In response to these claims, the organizers of the women’s march explained that “Dosayev showed obvious ignorance about the work of his own department and himself,” Radio Azattyq reports. They further argued that there were four applications for marches in the form of demonstrations and rallies. Since March 2023, there have been around ten applications and notifications, all of which were rejected. 

February: Wave of the Feminists’ Single Pickets

Kazakhstani feminists’ refusal to give up on their right to have peaceful marches and demonstrations is inspiring more and more activists and local residents to come out to the streets with their single pickets in support of the women’s march this year.

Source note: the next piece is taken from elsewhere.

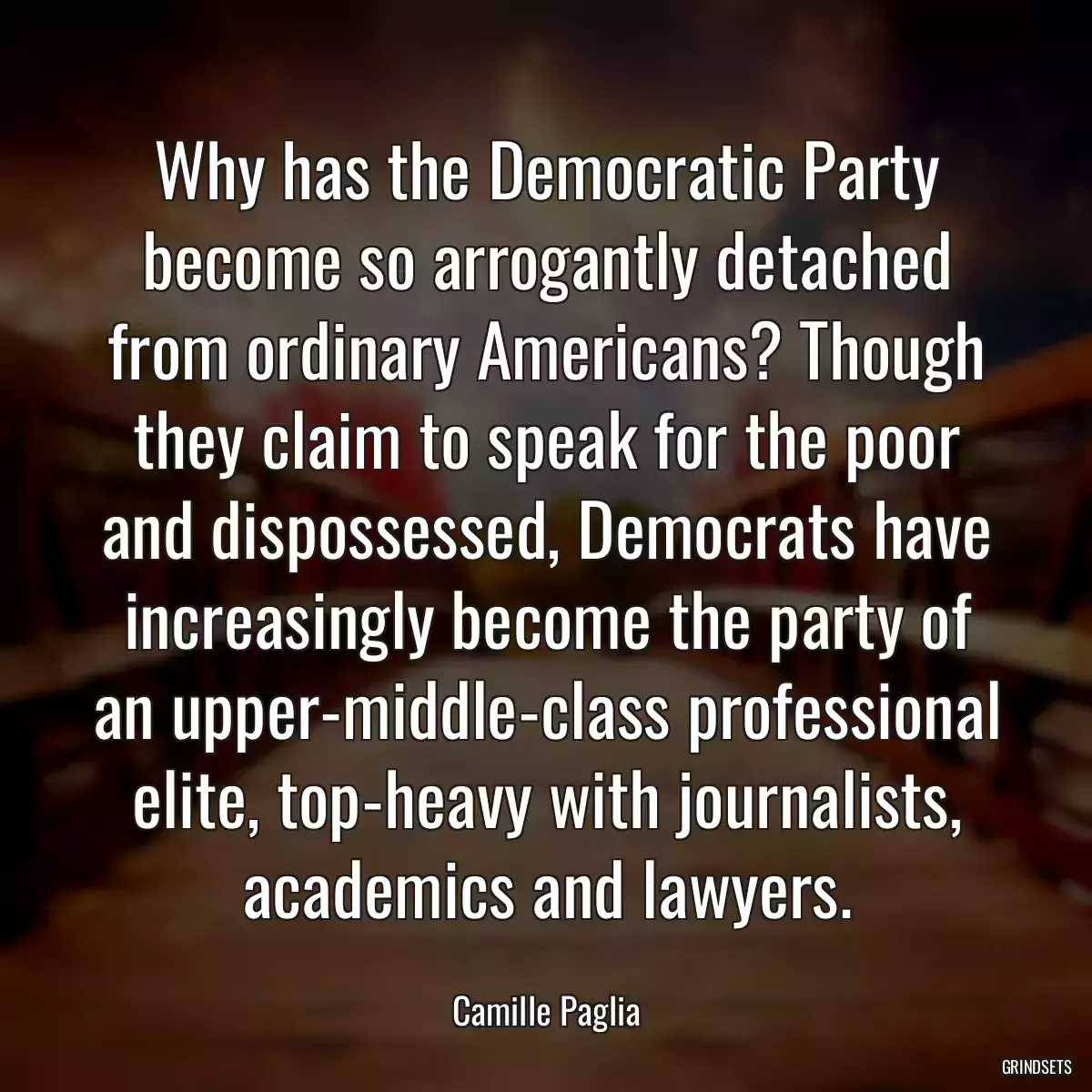 Why has the Democratic Party become so arrogantly detached from ordinary Americans? Though they claim to speak for the poor and dispossessed, Democrats have increasingly become the party of an upper-middle-class professional elite, top-heavy with journalists, academics and lawyers.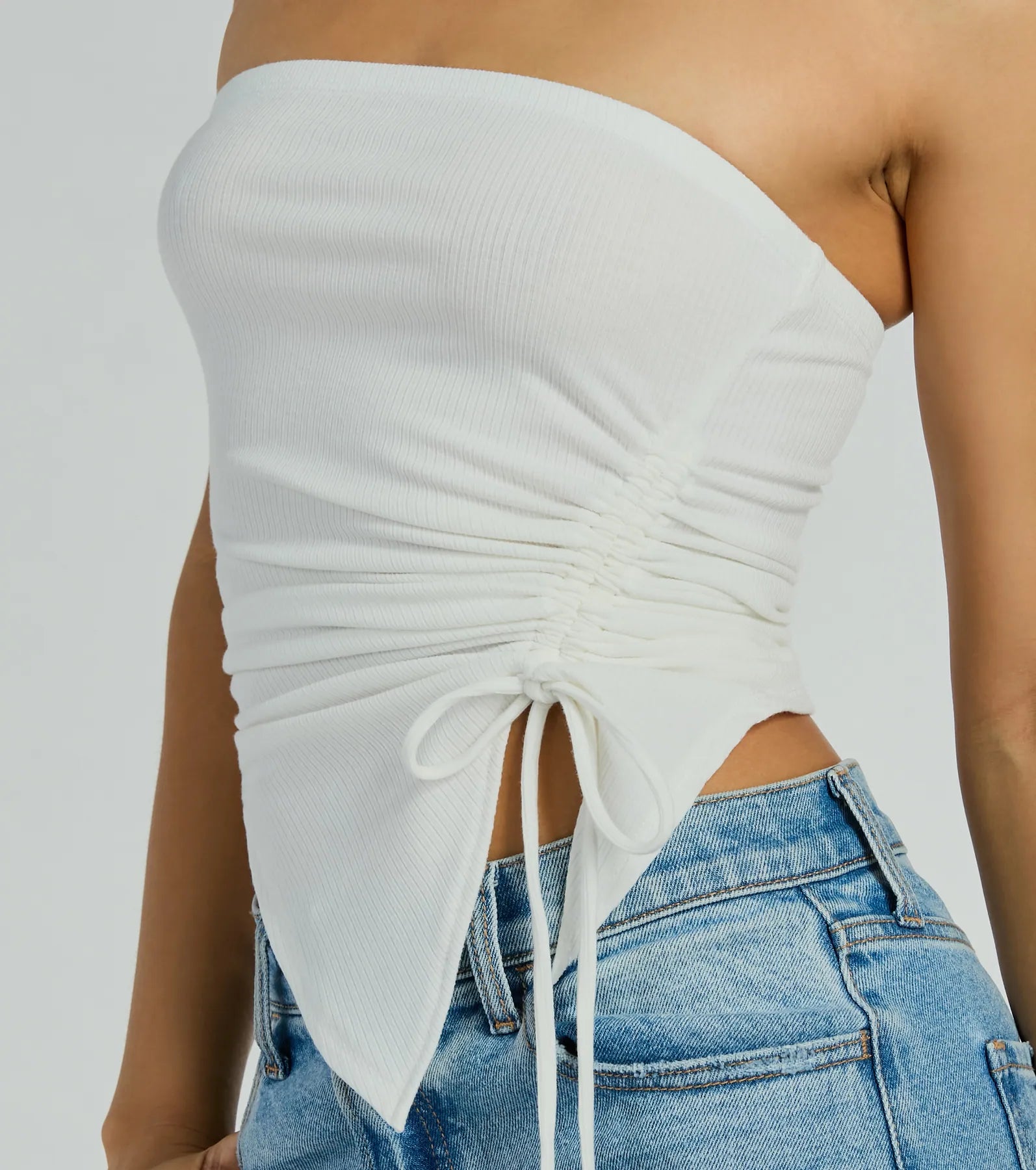 Easy Attention Strapless Slit Crop Top - Image 2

Below are the events that have taken place in Almaty this February in solidarity with the women’s march:

  • • 1 February: a group of leading feminists held a press conference to express their position and share the government’s refusal to allow the march.
  • • 2 February: Lia Bergen, an activist, held a single picket at the Republic Square. 
  • • 3 February: Veronica Fonova held a single picket in the city center, during which she got attacked by two males.
  • • 6 February: Veronica Fonova held another single picket in front of the Kazakh National Opera and Ballet Theatre.
  • • 9 February: Temirlan Yensebek, an activist from the Oyan, Qazaqstan! civil rights movement held a single picket in support of the women’s march at the Republic Square.
  • • 10 February: Aqtorkyn Aqkenzhebalasy, an activist from the Feminita feminist initiative, held a single picket in front of the monument “Tauelsizdik Tany” (Kazakh: The dawn of independence). A few days later, activists from the December 1986 protest were “cleansing” this place of homosexuals. 
  • • 14 February: two activists, Zhanar Sekerbayeva and Kamila Yensegen, held single pickets in different locations in Almaty.
  • • 16 February: Diana Timofeeva, a local resident, held a single picket next to the Globus shopping center.
  • • 17 February: Zhanar Sekerbayeva’s second picket of the month and two pickets held by activist Gulbaqyt Otebaeva. 
  • • 19 February: Diana Jumagulova-Matweewa, a journalist, held a single picket in front of the Kazakh National Opera and Ballet Theatre.
  • • 24 February: Arina Osinovskaya, an activist, held a single picket on Panfilov Street and Alua Nurasheva, a journalist and student, held a single picket at Gandhi Park.
  • • 25 February: Shamshat, an eco- and fem-activist, held a single picket in the KazakhFilm area. 
  • • 27 February: Aisulu Toishibek, a journalist, held a single picket at the Zhibek-Zholy metro station. 

With a week left before International Women’s Day, we are yet to find out whether Almaty’s mayor will let the women express their right to celebrate Women’s Day the way they want.